It also explains how President Trump’s decisions reflect what the Bible says and not necessarily what realpolitik would dictate, and why full Israeli sovereignty over Jerusalem is so important to many Christians.

Reinstein – who grew up in Dallas, Texas, where his father was the president of the local Zionist Organization of America chapter – writes in his preface that when he first visited Israel, he was saddened by the dearth of American-born Jews like himself in the country. Why weren’t they participating in the ingathering of the exiles? He then realized: “If you don’t look at the world from a biblical point of view, you may miss the story.”

He decided to make aliyah, and did so at the age of 21. But he didn’t stop there. Five years later, in 2004, he founded the Knesset Christian Allies Caucus together with the late MK Yuri Stern. His goal was to have more people see Israel through a biblical lens and to mobilize growing Christian concern for Israel by creating a framework for political action.

This was followed in 2006 by Reinstein founding the Congressional Christian Allies Caucus in Washington, D.C. A year later, then-Tourism Minister Rabbi Benny Elon founded the Israel Allies Foundation – of which Reinstein has long been president – to coordinate the increasing number of pro-Israel caucuses in parliaments worldwide. As of now, 36 such caucuses exist, and they have been very effective in shifting their countries’ foreign policy more towards Israel.

In Titus, Trump, and the Triumph of Israel, Reinstein notes that for centuries many Christians believed the Jewish people would never return to Israel – that they had been rejected by G-d and replaced by Christians. However, beginning in 1948 with the establishment of Israel, increasing numbers of Christians began to realize that it makes no sense to say that G-d wouldn’t return the Jews to Jerusalem and the Holy Land when it was happening before their eyes!
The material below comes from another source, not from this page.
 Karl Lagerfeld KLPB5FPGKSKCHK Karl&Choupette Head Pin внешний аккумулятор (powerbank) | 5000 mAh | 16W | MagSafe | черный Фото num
Today, many Christians believe G-d’s “everlasting covenant” with Abraham is exactly that – everlasting – and that if they respect and embrace it, they too can share in the blessings to be bestowed upon his descendants in the Land of Israel. Of course, the modern-day fulfillment of so many biblical prophecies regarding the Jewish people’s return and re-growth also reinforces their belief that the Jewish people are divinely chosen.

Many Christians, especially those in mainline Christian denominations, still regard Israel with suspicion, but the number of those who embrace Israel is burgeoning, Reinstein writes.

Reinstein also stresses the centrality of Jerusalem to many Christians: “[Jerusalem] is the place where the next stage of prophecies will be fulfilled… This will lead to the messianic age, when all people will come to recognize the Creator [and] there will be peace… But if we give away Jerusalem, it will inevitably impede this process.

That’s why, Reinstein writes, “Jews and Christians are working together to keep [Jerusalem] united under Jewish control. For them, control of Jerusalem is not a political fight to possess more territory, it’s a biblical issue.”

Reinstein argues that the Trump administration looks at the Middle East from a biblical point of view while the Obama administration looked at it from a political point of view, colored by Muslim interests. Hence, for example, the Trump administration’s relocation of the U.S. Embassy to Jerusalem and its reversal of the State Department position that had deemed Israeli settlement activity criminal.

Titus, Trump, and the Triumph of Israel is repetitive at times, but this repetition is excusable and even somewhat necessary in light of the massive worldwide ignorance regarding Israel’s legal standing, democratic nature, biblical underpinnings, and bold accomplishments. May its message be spread far and wide.